╔══

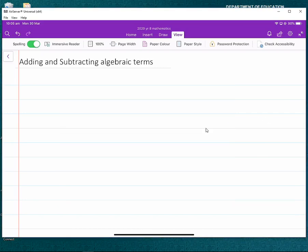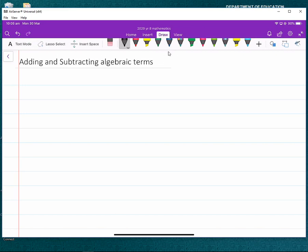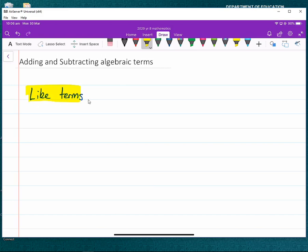Good morning, it's Mitchell Prentice here. Today we want to look at adding and subtracting algebraic terms. The first thing we need to realize when looking at an expression is what terms we can add together or subtract from each other. To do that, we need to understand what like terms are.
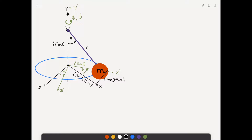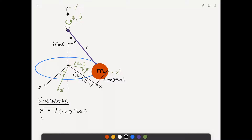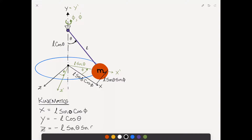Now it's easy to write down the kinematics, reading directly off the figure. The x-projection is L sine theta cosine phi. Y is equal to negative L cosine theta, because the pendulum hangs downward while y is positive upward. And z, also negative, is minus L sine theta sine phi. We'll call these equations 1, 2, and 3.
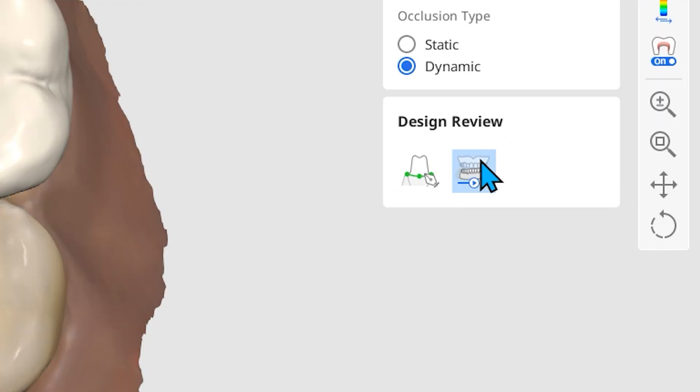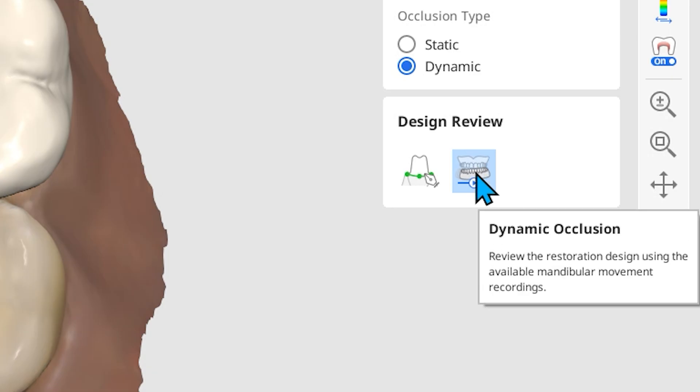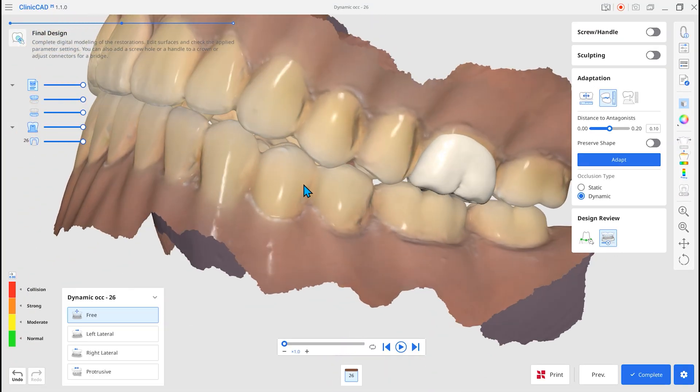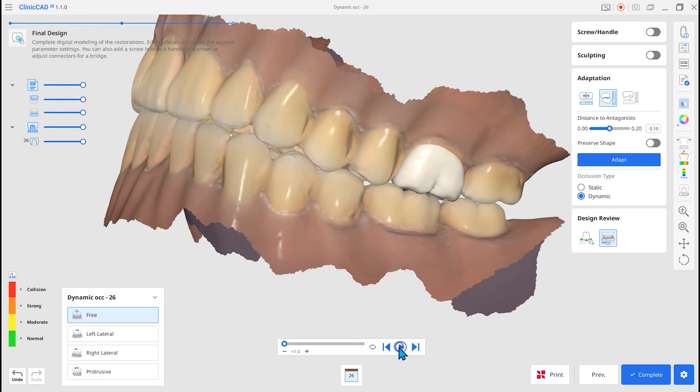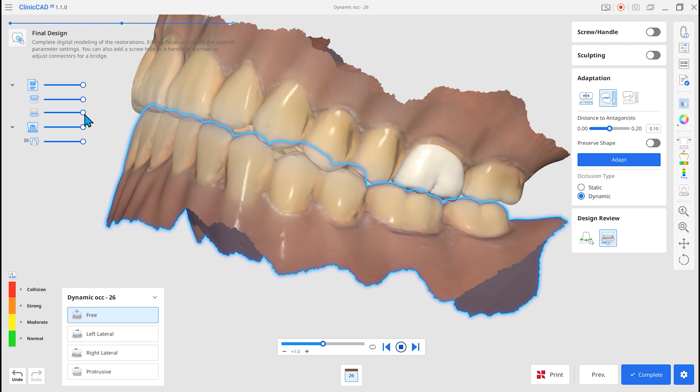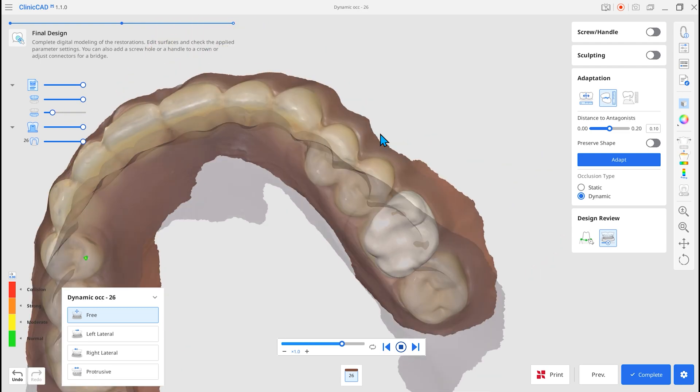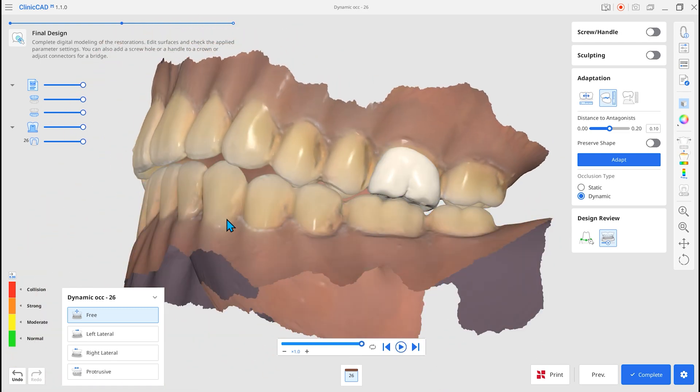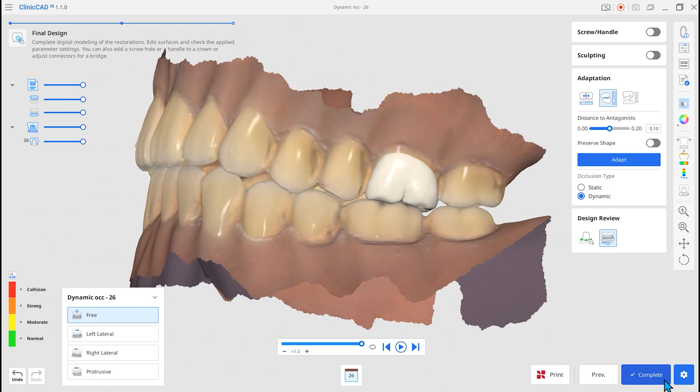Click the Dynamic Occlusion in Design Review to simulate mandibular movement. With Dynamic Occlusion, you can design restorations by incorporating mandibular movement.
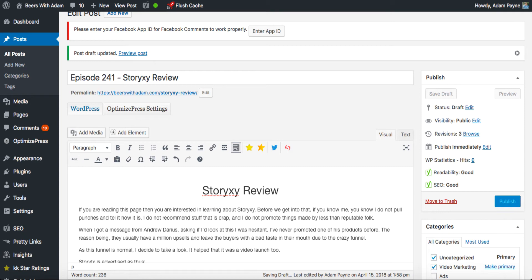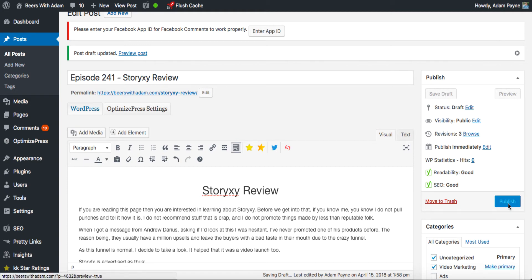This problem happens to me quite a lot on a couple of my sites. It doesn't happen on all my sites, but what happens is I'll find myself creating a post, I'll start adding images, I'll start adding text, and as you can see it's happened already. The Save Draft, the Preview, and the Publish button just aren't working. If I click on them, nothing happens.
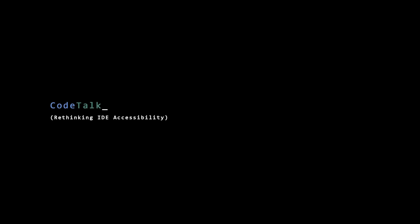CodeTalk: Rethinking IDE Accessibility. Modern IDEs like Visual Studio have taken great strides to make their tools usable by visually impaired people, but they are far from making it an enjoyable experience. Due to the linear nature of information flow between the IDE, screen reader, and the user, a lot of features are not accessible to screen reader users that sighted users take for granted.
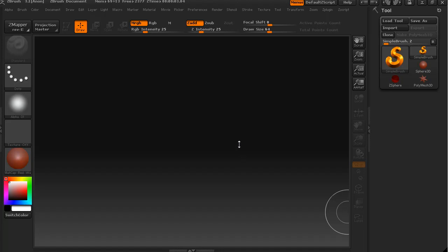All right, here we are, we're back in ZBrush. Now, unfortunately I didn't save my project or save the tool that I constructed in the last lesson. I left ZBrush open and of course that was when Windows decided to update and restart the computer. So I don't actually have anything for you, so that's the end of the lesson. Okay, I'm just kidding.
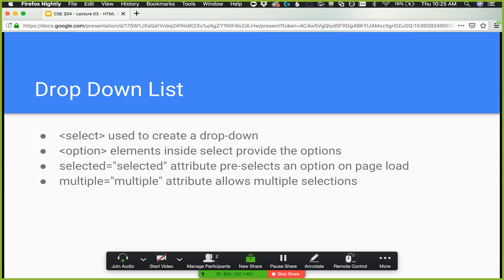There's a required attribute — I'll show that in a little bit. We'll talk about that soon.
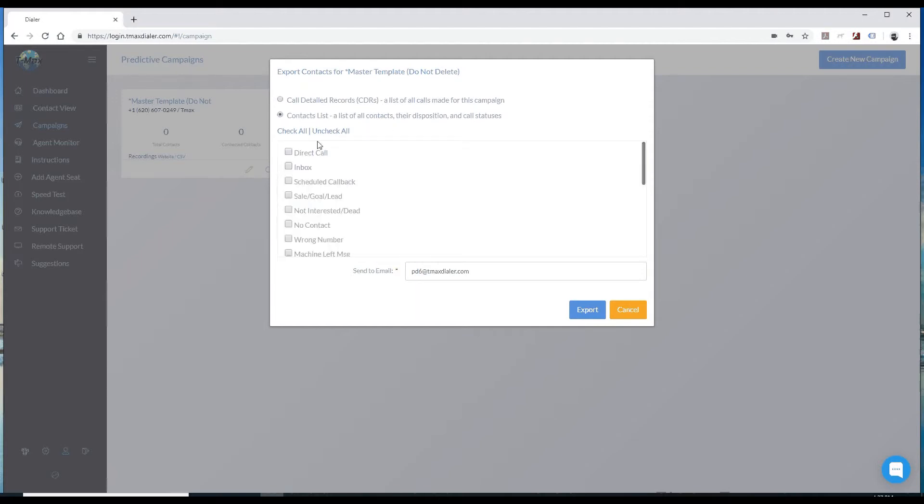Now with this, you can choose the certain dispositions that each call has for it, or you can just hit check all.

╚══

[Action item]: Starting at the line that contains "Click the Dynamic" and ending at the line that contains "CodeTalk: Rethinking IDE", transcribe the material above exactly, excluding pictures.

[Your response]:
Click the Dynamic Occlusion in Design Review to simulate mandibular movement. With Dynamic Occlusion, you can design restorations by incorporating mandibular movement.
This problem happens to me quite a lot on a couple of my sites. It doesn't happen on all my sites, but what happens is I'll find myself creating a post, I'll start adding images, I'll start adding text, and as you can see it's happened already. The Save Draft, the Preview, and the Publish button just aren't working. If I click on them, nothing happens.
CodeTalk: Rethinking IDE Accessibility. Modern IDEs like Visual Studio have taken great strides to make their tools usable by visually impaired people, but they are far from making it an enjoyable experience. Due to the linear nature of information flow between the IDE, screen reader, and the user, a lot of features are not accessible to screen reader users that sighted users take for granted.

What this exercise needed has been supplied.